[Activity]
Below are records with pictures in them; print them exactly, omitting the pictures.

[Short web captions]
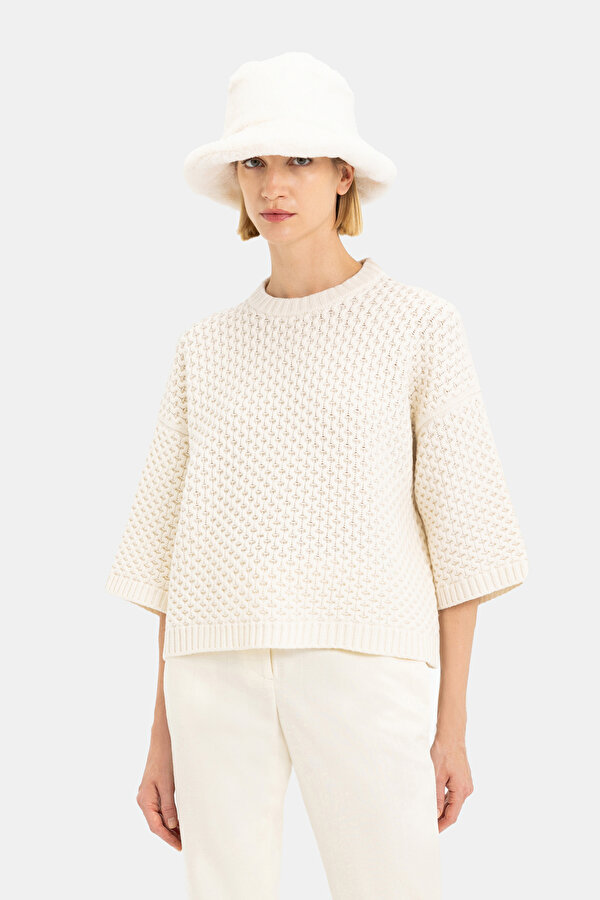 ECRU BASIC / ROUND NECKLINE JERSEY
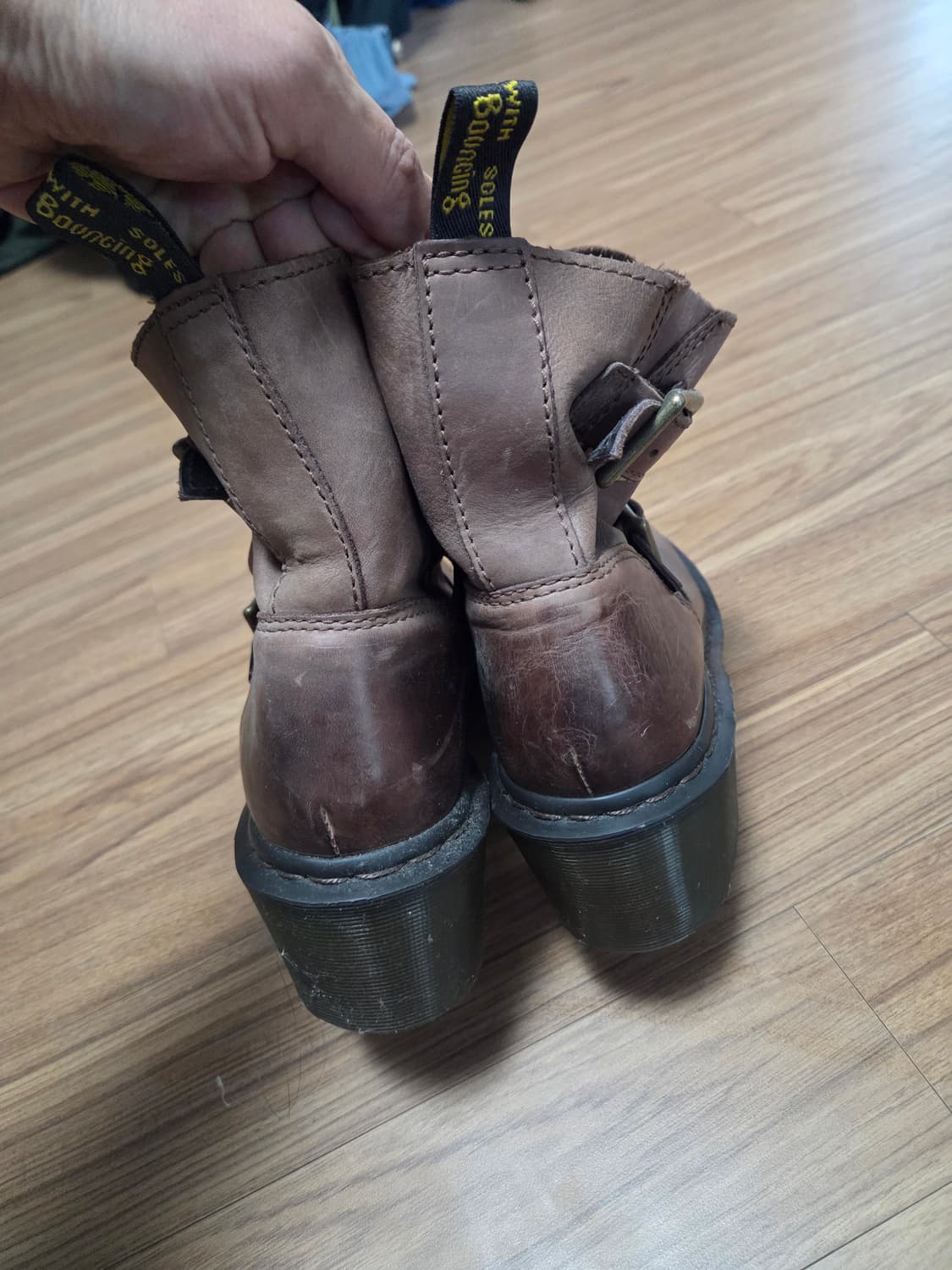 닥터마틴 엔지니어 부츠 UK6(250) 상품이미지3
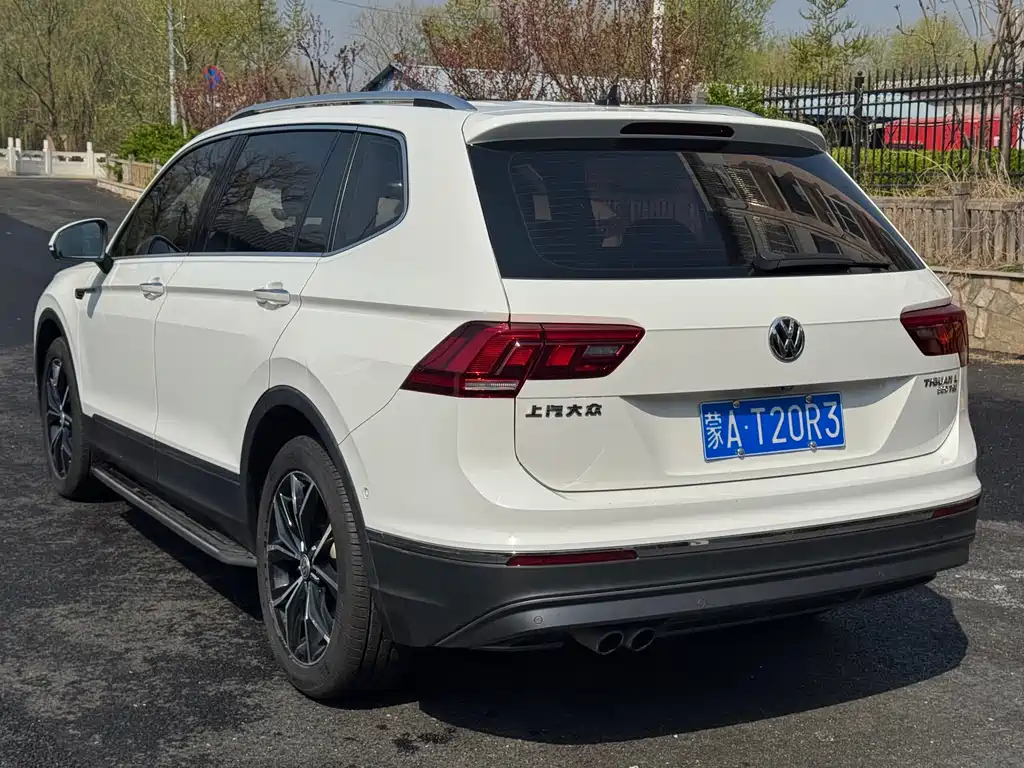 Volkswagen Tiguan L 2020 — фото 6
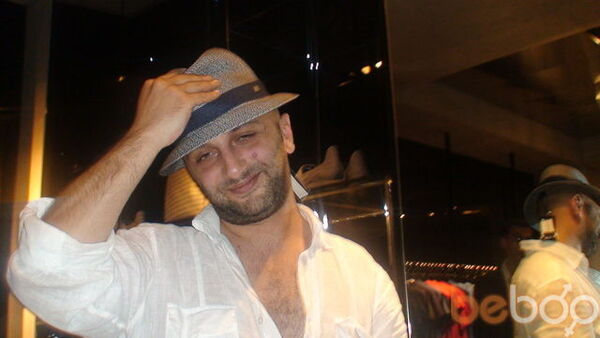  ,   Artur, 50 ,  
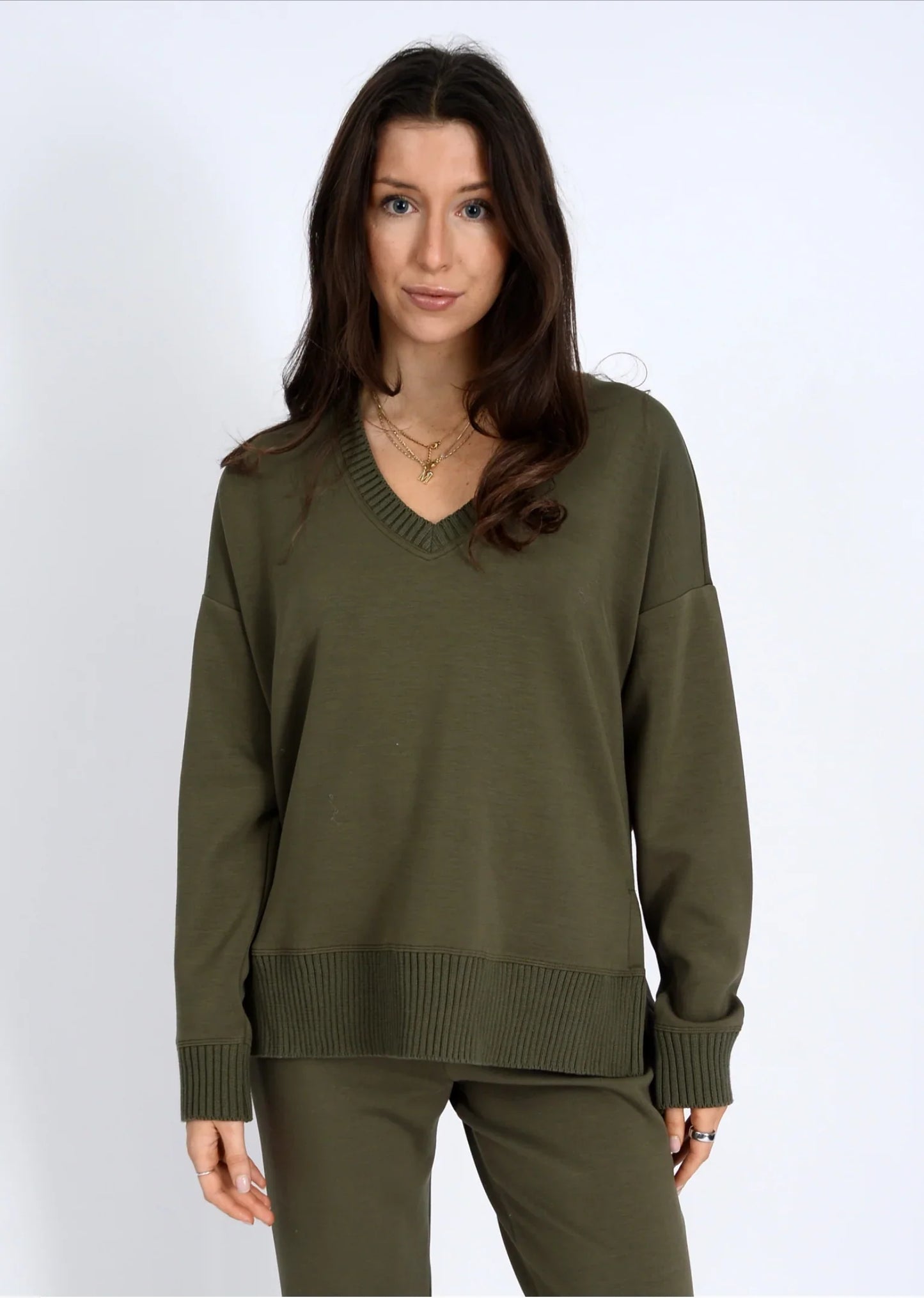 RD STYLE VIXIE SOFT KNIT V-NECK SWEATER - OLIVE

[Answer to this task]
 ECRU BASIC / ROUND NECKLINE JERSEY
 닥터마틴 엔지니어 부츠 UK6(250) 상품이미지3
 Volkswagen Tiguan L 2020 — фото 6
  ,   Artur, 50 ,  
 RD STYLE VIXIE SOFT KNIT V-NECK SWEATER - OLIVE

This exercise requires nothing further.